Bradley’s injury underlined how exposed Liverpool can look when their right side loses stability. Dumfries, at 30, is not a long-term project. He is a ready-made solution: experienced, physically imposing, and tested at Champions League and international level.

The £22 million release clause, as reported by Joyce, changes the dynamic. In a market where top-level full-backs can command eye-watering fees, that number sits in the “value” bracket Liverpool’s recruitment team have often targeted.

Inter, for their part, must balance the books and the squad. Dumfries is a saleable asset. Jones, a player they admire and have tracked, could soften the blow of losing their right-back, at least in terms of squad construction. There is no suggestion of a formal swap, but the lines between the two deals are starting to blur.

Liverpool’s decision-makers have built their recent success on avoiding vanity buys and prioritising tactical fit. Dumfries ticks those boxes.

Slot’s First Big Test

This is Slot’s first real summer in charge of Liverpool’s future. It already feels decisive.

He must guide a club in transition through contract uncertainty, tactical evolution and a fiercely competitive market. Jones sits at the heart of that.
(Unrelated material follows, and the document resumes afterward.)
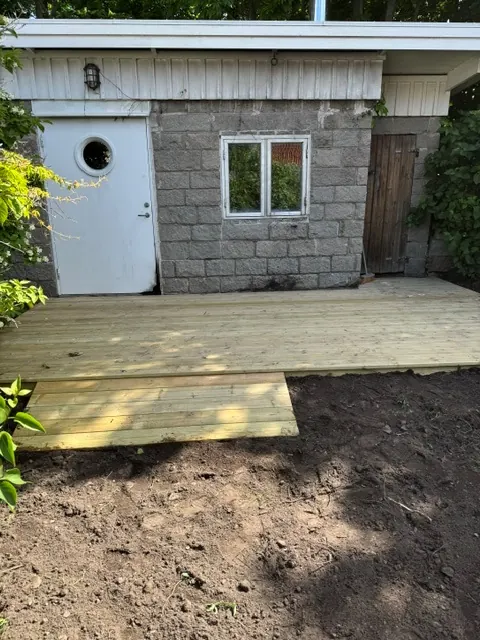 Nytt trädäck framför ett hus med stenmur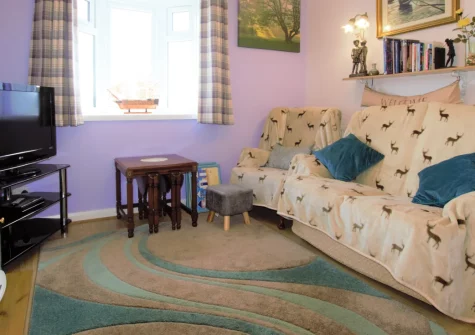 Forget-me-not Bungalow, Seaton, is a charming coastal retreat brimming with quirky character. Enjoy a beautiful garden with summerhouse, peaceful valley views, and easy access to the spectacular Jurassic Coast. Ideal for a romantic couples' escape.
So does the right-back position. So does the balance between loyalty to academy products and the cold logic of squad building.

Inter’s pursuit of Jones will probe Liverpool’s stance if talks over a new contract stall. At the same time, Dumfries is moving from scouting reports into genuine consideration as a solution on the right.

The two situations are not officially linked, yet they move in parallel. One player could be walking into the San Siro, another stepping out at Anfield in red. Different roles, different ages, same transfer corridor.

Everything now hinges on how Slot and Liverpool’s hierarchy see Jones: a central pillar of the next cycle, or a valuable asset to cash in on to accelerate the rebuild.

What is certain is that Joyce’s reporting has dragged Dumfries into the centre of Liverpool’s summer debate. Inter Milan are already in position. The next move belongs to Liverpool.